Task to complete:
There are pictures in the records below; leave them out and set down exactly the lines from the one holding "Charming Apartment 100m" through the one holding "Van Cleef &".

Extracted material:

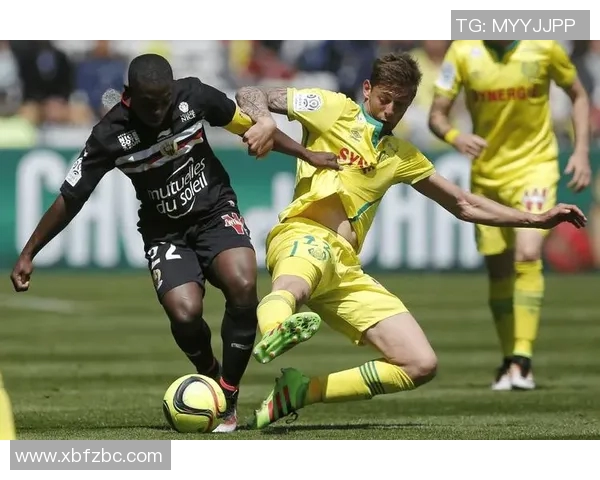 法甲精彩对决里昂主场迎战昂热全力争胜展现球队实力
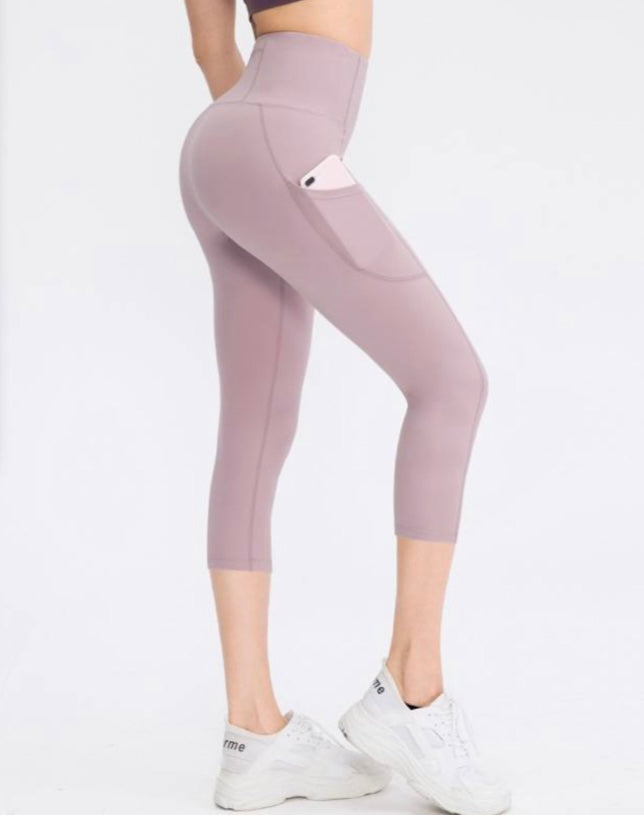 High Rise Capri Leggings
...
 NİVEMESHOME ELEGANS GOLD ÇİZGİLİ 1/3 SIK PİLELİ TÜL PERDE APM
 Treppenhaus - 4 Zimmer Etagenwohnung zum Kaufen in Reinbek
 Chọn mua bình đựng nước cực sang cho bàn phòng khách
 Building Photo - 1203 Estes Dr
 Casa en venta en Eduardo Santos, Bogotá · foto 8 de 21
==
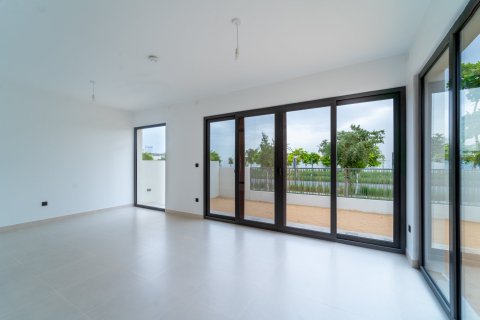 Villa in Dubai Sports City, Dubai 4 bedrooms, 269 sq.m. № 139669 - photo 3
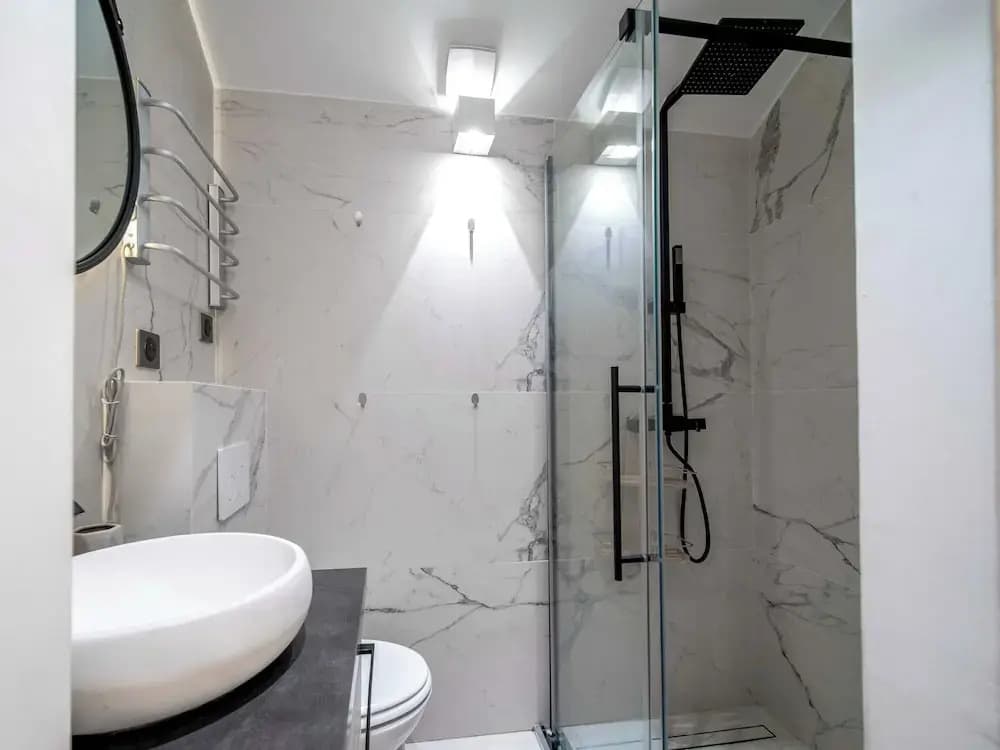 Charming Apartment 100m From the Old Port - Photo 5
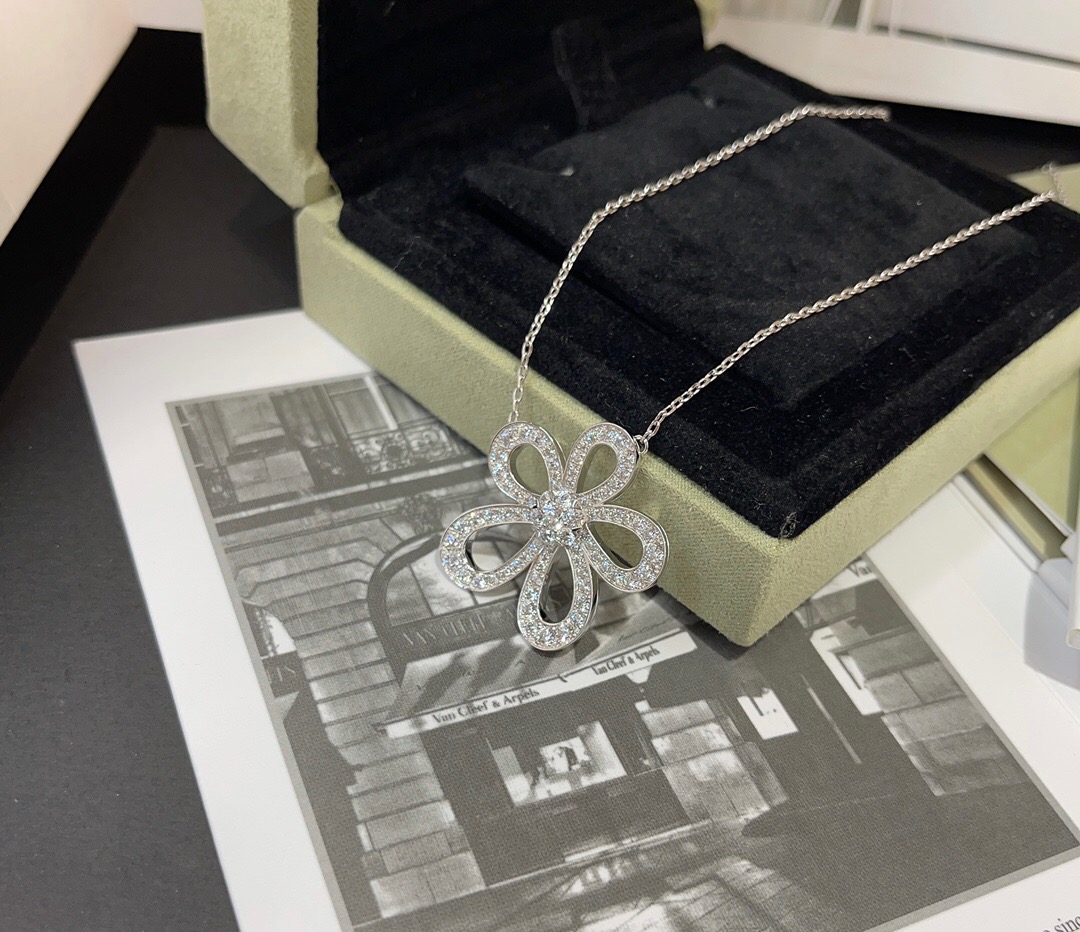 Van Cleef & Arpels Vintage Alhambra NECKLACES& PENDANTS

Answer section:
 Charming Apartment 100m From the Old Port - Photo 5
 Van Cleef & Arpels Vintage Alhambra NECKLACES& PENDANTS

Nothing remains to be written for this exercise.